Les ambassadeurs des États membres auprès de l’UE sont convenus d’un 4e paquet de sanctions à l'encontre de la Russie, a annoncé la Présidence française du Conseil de l’UE lundi 14 mars.
Ces mesures, prises en concertation avec les partenaires internationaux de l’UE, visent des individus et des entités impliqués dans l’agression contre l’Ukraine ainsi que plusieurs secteurs de l’économie russe. Elles seront adoptées par procédure écrite, qui devrait prendre fin mardi matin.
Vendredi, la présidente de la Commission européenne, Ursula von der Leyen, avait annoncé des mesures à l'encontre des élites russes proches de Vladimir Poutine, de leurs familles et leurs facilitateurs, et l’interdiction de l'exportation de tout produit de luxe européen vers la Russie. Selon un projet vu par Bloomberg, cela concernerait les produits de luxe d'une valeur supérieure à 300 euros et la vente de voitures, bateaux et avions de luxe d'une valeur supérieure à 50 000 euros et les motos de plus de 5 000 euros.
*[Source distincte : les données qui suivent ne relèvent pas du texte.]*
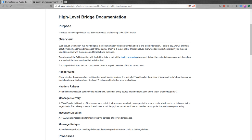The second layer is message delivery, built on top of header sync. It's a FRAME pallet responsible for queuing and maintaining ordered delivery of messages from source to target chain. The delivery layer doesn't care about the payload — that's the responsibility of message dispatch, the third layer. Currently, whenever a message is delivered to the target chain it's immediately dispatched on that chain as well, within the same target chain transaction.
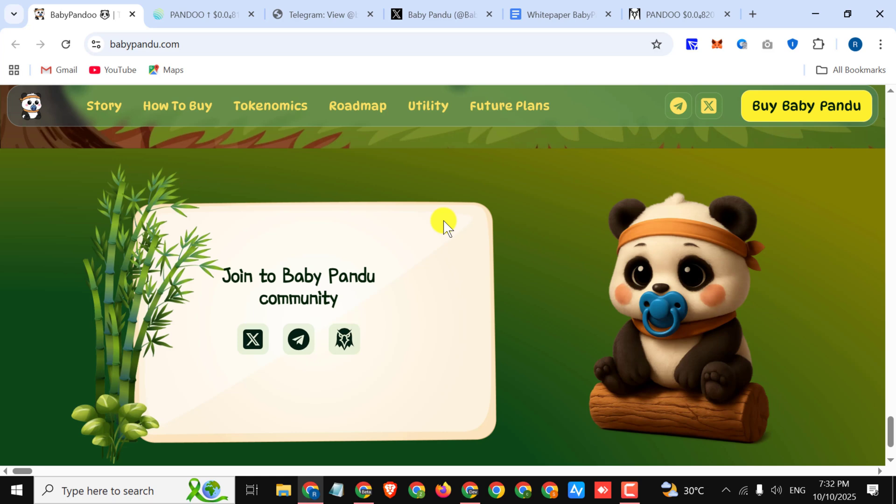Furthermore, the coin Pandu token is now only on the Solana network. They are also building a coin on the BSC chain. More information about this will be available soon on their socials. This is a fabulous project. You can get a lot of profit right here.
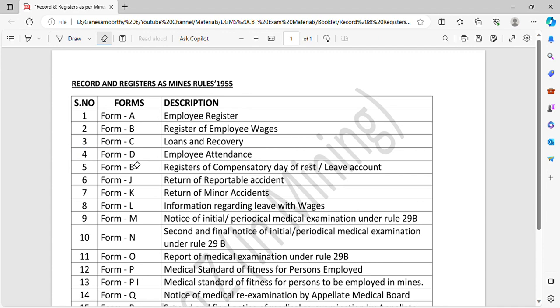Form E is the register of compensatory day off rest and leave account. You can maintain the CL plus leave account details. That is why you maintain Form E.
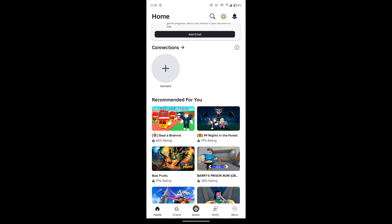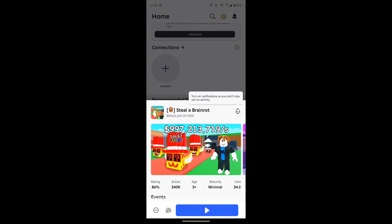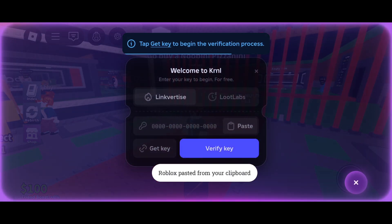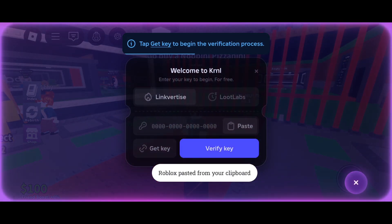Once the executor is installed, open it and launch the game you want to execute. After that, obtain the execution key and continue exploiting the game.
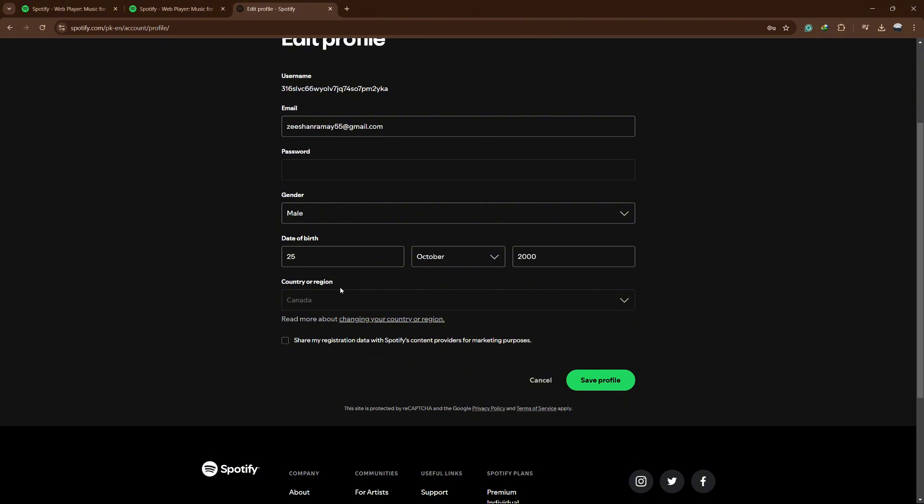Under Country or Region, you will see a drop-down menu. Click on it and select the country where you are currently located. Make sure this matches the country where your payment method is registered if you are on a premium plan.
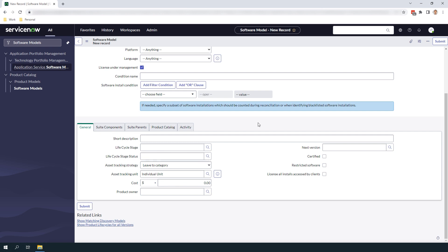Now that we've completed the main section of the form let's take a look at the tabs towards the bottom. In the first tab, general, this section of the form contains all of the general information about the software model. As you can see we have short description, status, asset tracking strategy, asset tracking unit, cost, owner, next version, certified, restricted software and license all installs accessed by clients. For demo purposes we're going to leave these fields as is.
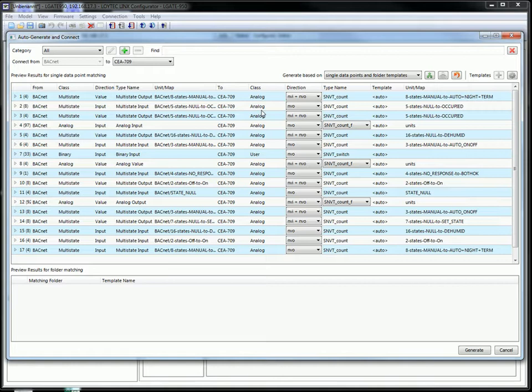For most data points the BACnet engineering unit of our software knows exactly how to handle the conversion from BACnet data points to SNVT types. But for some data points we can make a selection.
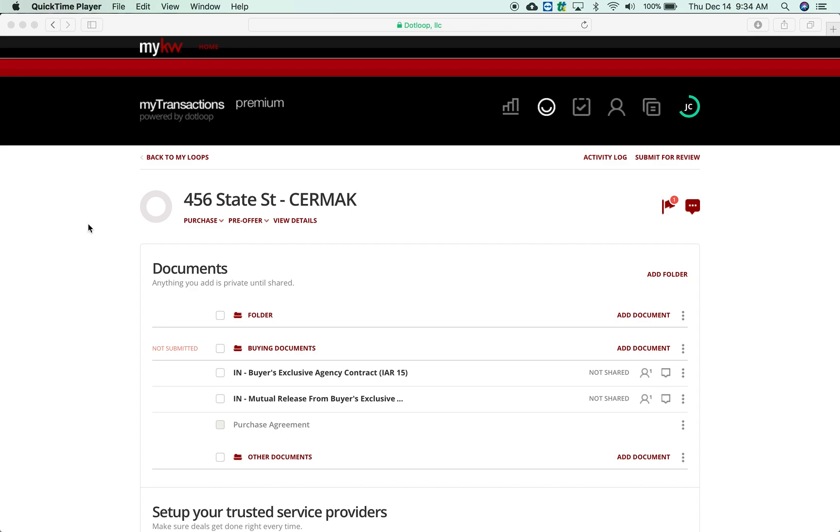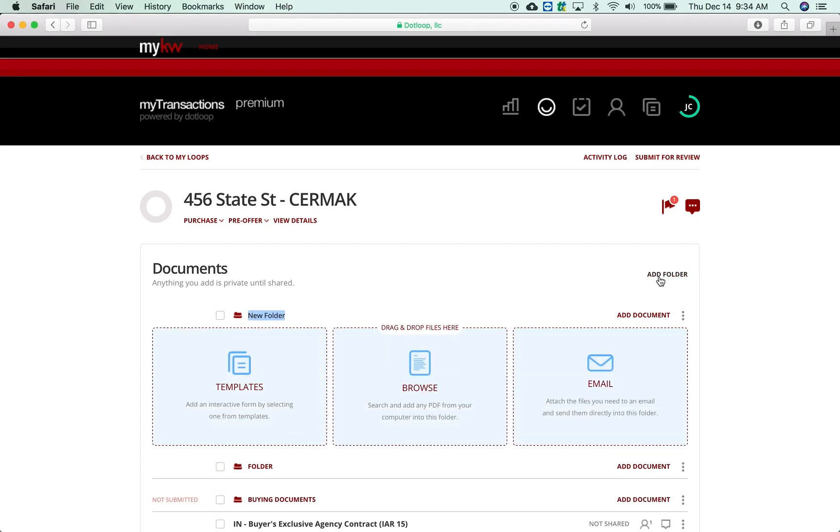To add a folder, you simply click 'Add Folder' right here. When you add a folder, you can rename it, so I'll call this one 'Test One', and then you can add your documents inside this folder as well.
L'importation de biens essentiels dans le secteur du fer et de l'acier en provenance de la Russie, « secteur central du système russe », est interdite, tout comme les investissements, les transferts de technologies, les services financiers, etc. destinés à l'exploration et à la production d'énergie.
Par ailleurs, les ambassadeurs des États membres ont approuvé une déclaration pour suspendre le statut de la nation la plus favorisée ('Most favoured nation') de la Russie à l'Organisation mondiale du commerce (OMC), a annoncé la Présidence française du Conseil de l'UE. Cela permettra de ne plus traiter la Russie comme un partenaire commercial égal, comme le veulent les règles de l'OMC. La déclaration réclame également la suspension de l'examen de la candidature de la Biélorussie à l'organisation.
Mme von der Leyen avait également prévenu, vendredi, que l’UE s’emploierait à suspendre les droits de la Russie dans les principales institutions financières multilatérales, notamment le Fonds monétaire international et la Banque mondiale, et qu’elle veillerait à ce que la Russie ne puisse pas obtenir de financements, de prêts ou d'autres avantages de la part de ces institutions.
De son côté, le Premier ministre polonais, Mateusz Morawiecki, a proposé lundi que les actifs de l'État et des oligarques russes gelés par les sanctions soient confisqués définitivement et destinés à un fonds pour la reconstruction de l'Ukraine. « Gelez les actifs de l'État russe complètement, confisquez-les. Gelez les actifs des oligarques russes, grands et petits, hommes d'affaires et politiciens. Qu'ils servent aux gens, aux victimes désarmées du régime de Poutine. Qu'ils servent à la reconstruction de l'État qui défend héroïquement son indépendance et sa souveraineté », a-t-il souligné devant les médias.
Par ailleurs, le Haut Représentant de l’UE pour les Affaires étrangères et la Politique de sécurité, Josep Borrell, a fermement condamné, dimanche 13 mars, l'enlèvement des maires de Melitopol et de Dniprorudne par les forces armées russes. « Il s'agit d'une nouvelle attaque contre les institutions démocratiques en Ukraine et d'une tentative d'établir des structures gouvernementales alternatives illégitimes dans un pays souverain », a-t-il dénoncé. Le même jour, un groupe de députés européens avaient prévenu, dans un communiqué commun, que les violations des droits fondamentaux des civils et les attaques contre les infrastructures civiles ne seraient pas oubliées et que tous les auteurs de ces actes seraient poursuivis en vertu du droit international.